- REQUIRED WORK
Go to the line below that has "Read Pian Pian chapter 10 image 38 on Lezhin", print it and each line after it exactly, and stop after the line that has "Building Design Architecture"; leave out pictures.
(Beginning of RECORDS TO USE)
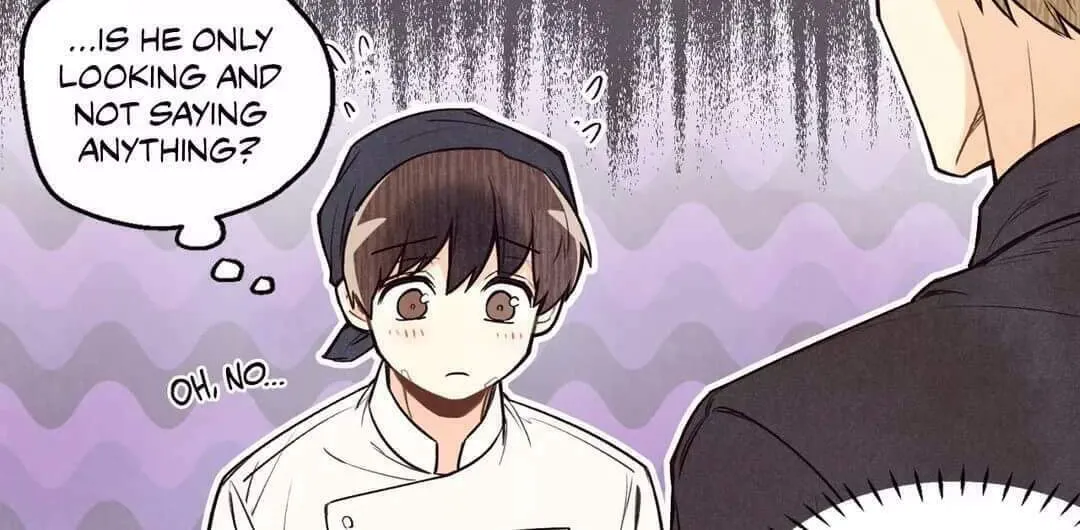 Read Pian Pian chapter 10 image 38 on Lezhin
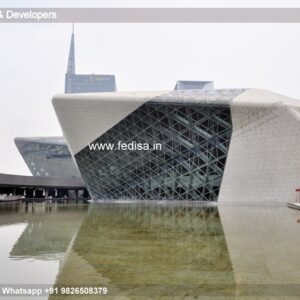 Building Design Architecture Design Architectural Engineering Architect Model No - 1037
(End of RECORDS TO USE)
(Beginning of RECORDS TO USE)
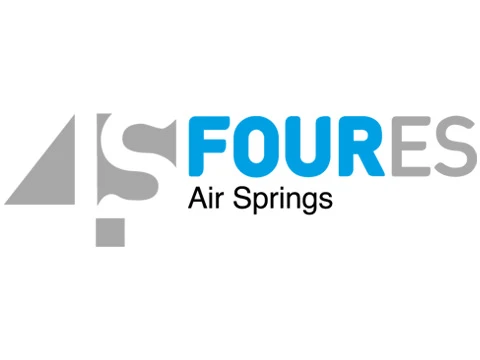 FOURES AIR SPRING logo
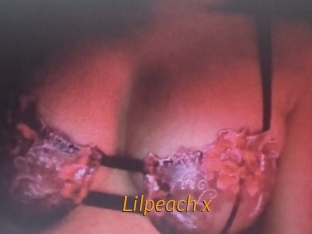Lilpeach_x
(End of RECORDS TO USE)
(Beginning of RECORDS TO USE)
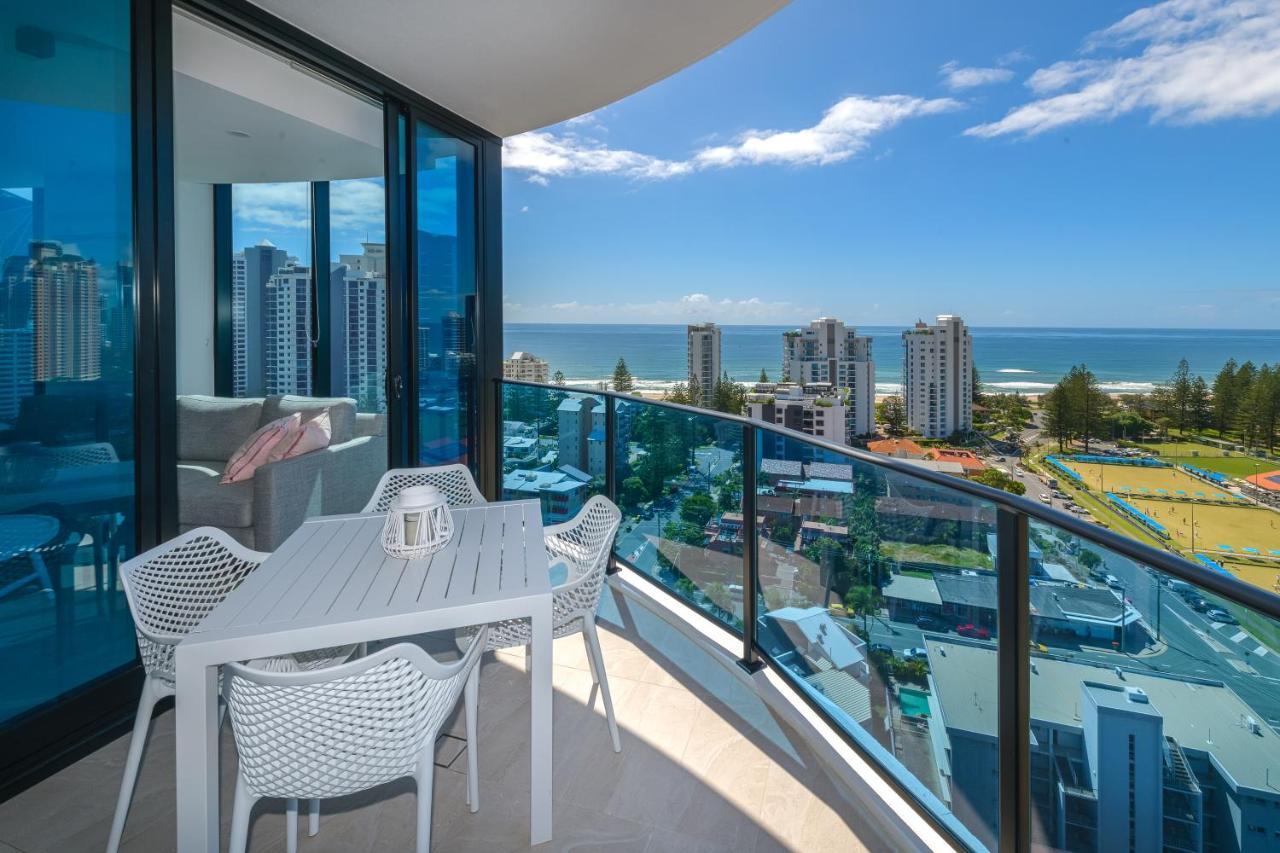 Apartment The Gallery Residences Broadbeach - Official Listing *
(End of RECORDS TO USE)
- EXERCISE RESULT
 Read Pian Pian chapter 10 image 38 on Lezhin
 Building Design Architecture Design Architectural Engineering Architect Model No - 1037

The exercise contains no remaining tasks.